In the past, an estate plan was grounded in the way an individual might bequeath assets without beneficiaries incurring huge estate taxes. The asset limit on estate taxes has changed, making the allocation of assets during estate planning open to diversification, allowing the process of choosing how assets are dispersed to evolve.
For example, typically, family members are often the recipients of the grantor’s assets. However, there are situations where other individuals, such as an unmarried partner or an aide, are an important part of the grantor’s life. In that case, the grantor may wish to leave a portion of the estate to that person.
Some individuals are involved with specific charities or organizations during their lifetime. Making such groups a beneficiary of a portion of one’s estate goes beyond the traditional idea that one’s beneficiaries are limited. In addition, some individuals do not have close family members or none at all, and bequeathing one’s assets to a charity or organization might help the organization during times of limited funding.
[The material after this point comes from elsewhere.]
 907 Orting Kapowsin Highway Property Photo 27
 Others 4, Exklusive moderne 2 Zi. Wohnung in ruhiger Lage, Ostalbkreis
Estate planning may be a way for individuals to decide where assets that are accumulated during life will be placed after their passing. However, structuring an estate plan that accomplishes this while keeping in mind the broader choices of beneficiaries that might be available may be a complicated endeavor. An attorney may be able to help provide the tools to accomplish one’s planning goals and help in revisiting an estate plan as the grantor’s interests and life events change.